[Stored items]
########################################

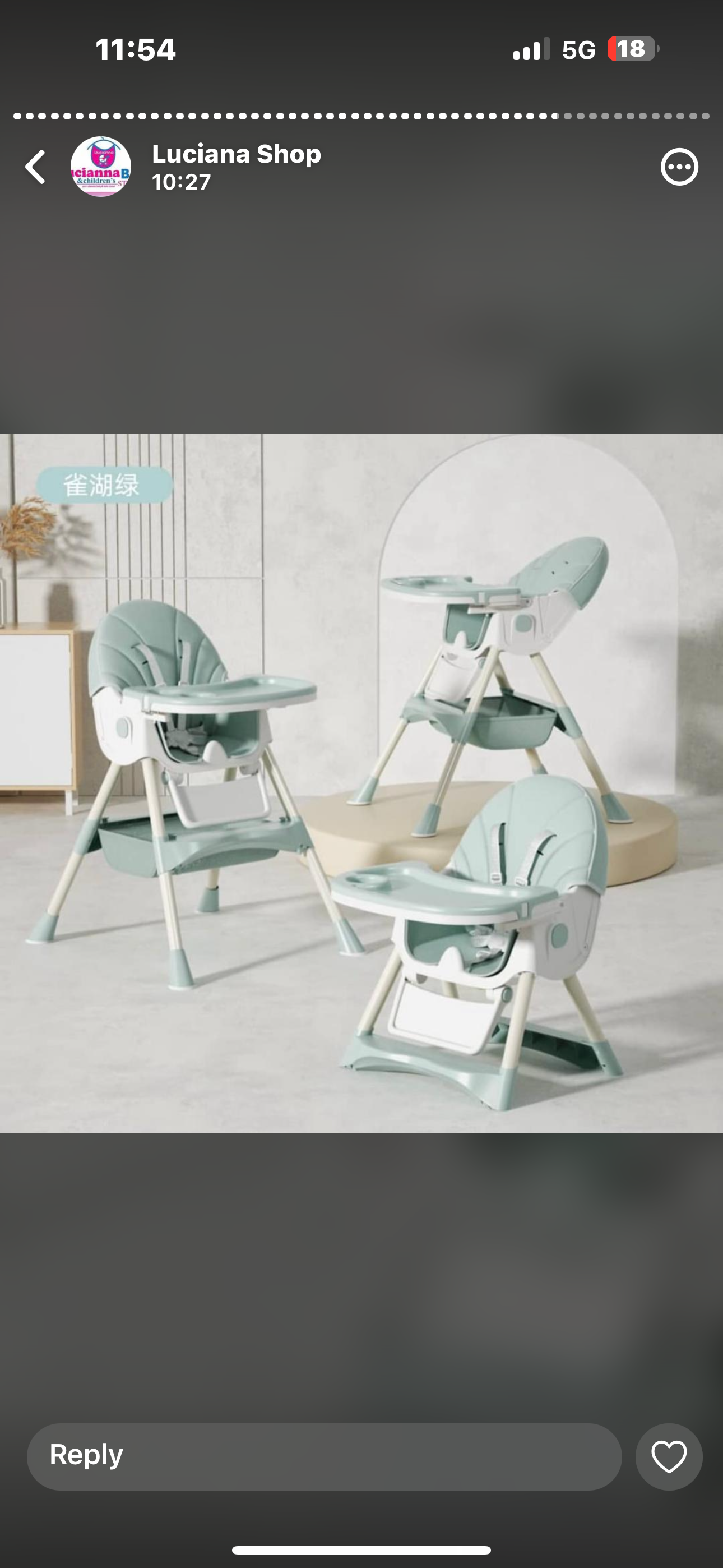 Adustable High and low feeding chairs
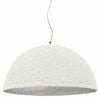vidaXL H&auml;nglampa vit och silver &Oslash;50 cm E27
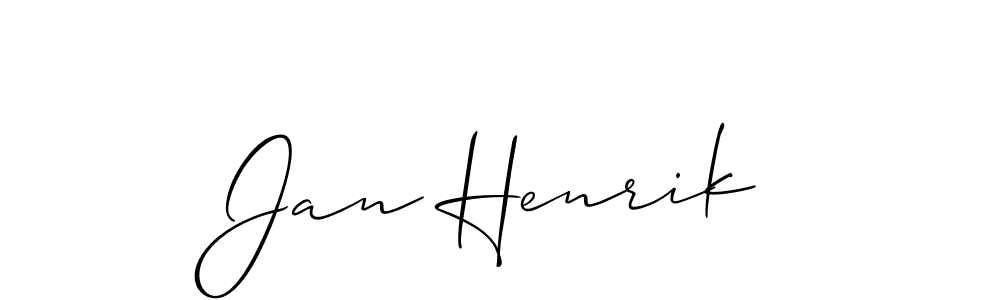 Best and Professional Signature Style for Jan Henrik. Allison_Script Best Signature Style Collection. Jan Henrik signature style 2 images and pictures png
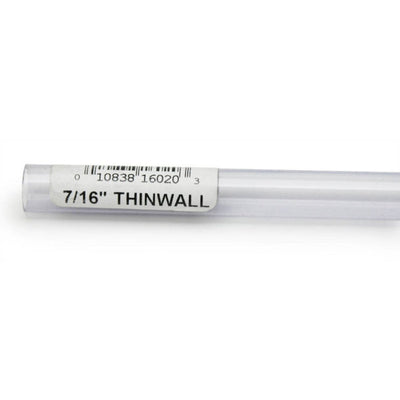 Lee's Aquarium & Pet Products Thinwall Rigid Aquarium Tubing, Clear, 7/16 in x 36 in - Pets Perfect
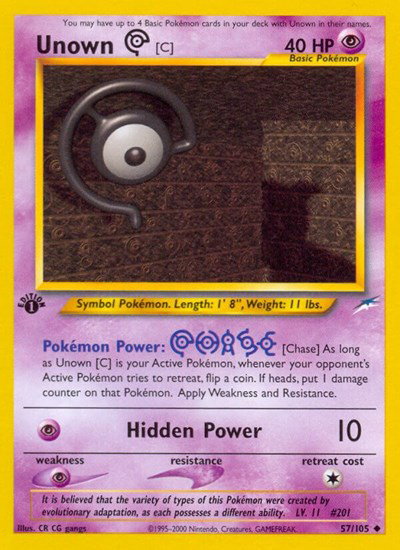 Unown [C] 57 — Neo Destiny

########################################

What you should do => All lines from the one holding "Best and Professional" through the last line of the records need to be copied exactly, both ends included, and the pictures left behind.

Expected output =>
 Best and Professional Signature Style for Jan Henrik. Allison_Script Best Signature Style Collection. Jan Henrik signature style 2 images and pictures png
 Lee's Aquarium & Pet Products Thinwall Rigid Aquarium Tubing, Clear, 7/16 in x 36 in - Pets Perfect
 Unown [C] 57 — Neo Destiny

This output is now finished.